Friday, 4 April 2008
Thursday, 3 April 2008
'A slave begins by demanding justice and ends by wanting to wear a crown'
I am now slightly more educated in the subject of art thanks to Peter Doig and the Camden Town Group...and Shelly Clarkerson! A good day out was just what I need and just what I got today. We even talked about vultures - I remembered! Vultures! 'Me and my vultures!'. Knew I'd get there in the end....OOOHH IN-JOKE!
Hmm, perhaps there's not much point in adding in-jokes to online journals but this is my journal and if you don't like it you can just.....well, ignore it. Don't leave. I'm a needy person. Don't leave.
I have nothing thoughtful to add: perhaps tomorrow when I'm more awake.
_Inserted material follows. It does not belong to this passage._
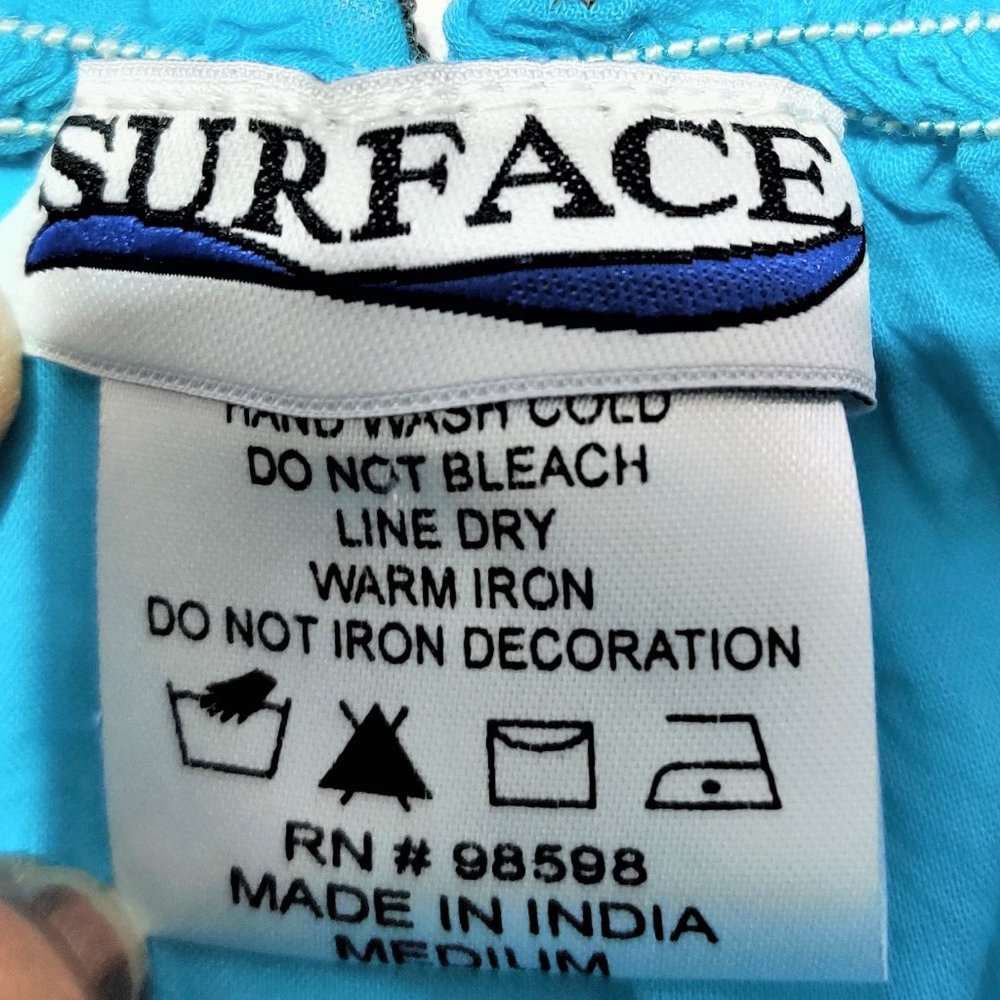 Surface Boho Blouse - image 8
Goodnight cruel, strange and beautiful world.
Wednesday, 2 April 2008
Blinded no more
I knew he'd die in the next few years. People don't go to old folks' homes expecting to live for another twenty or so years - especially the one I worked in. He seemed such a positive man, always smiling unless his depression kicked in, at which time he'd just ask to be left alone. Of course I don't know everything about his life, only what his family have told me and what he has told me himself but he was a good man. He was a good man so why did he have to suffer such torment at the end? Where is the fucking justice? He didn't deserve it.
Christopher felt like a friend, not just a resident. I'd look forward to going in to work and seeing him because we could make each other laugh and he'd try teaching me bits of the Irish language.
This is all just babble to everyone else I'm sure, but it has to come out as all I'm doing is sitting here sobbing.
Christopher, thank you for making me smile and being unique. Thank you for helping to make my working life a happier one. Thank you for being kind and for having lovely children who were always so charming to be around. I suppose I never really knew you that well but I still wish you were my grandad! I hope you have found a peace and I hope you can finally now be at rest. Goodbye.